Aim of the exercise: Once the line containing "Divano modulare Cloud" is found in the listing below, return it and each line after it through the last, exactly as given.

*** Given information Section Begins ***

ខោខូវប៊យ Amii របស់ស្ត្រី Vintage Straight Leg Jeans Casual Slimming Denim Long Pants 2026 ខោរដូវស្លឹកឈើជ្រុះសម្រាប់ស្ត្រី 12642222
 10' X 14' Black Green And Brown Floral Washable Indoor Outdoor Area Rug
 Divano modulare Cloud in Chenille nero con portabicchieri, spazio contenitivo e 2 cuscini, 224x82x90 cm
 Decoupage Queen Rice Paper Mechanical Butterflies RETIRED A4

*** Given information Section Ends ***

Response below:
 Divano modulare Cloud in Chenille nero con portabicchieri, spazio contenitivo e 2 cuscini, 224x82x90 cm
 Decoupage Queen Rice Paper Mechanical Butterflies RETIRED A4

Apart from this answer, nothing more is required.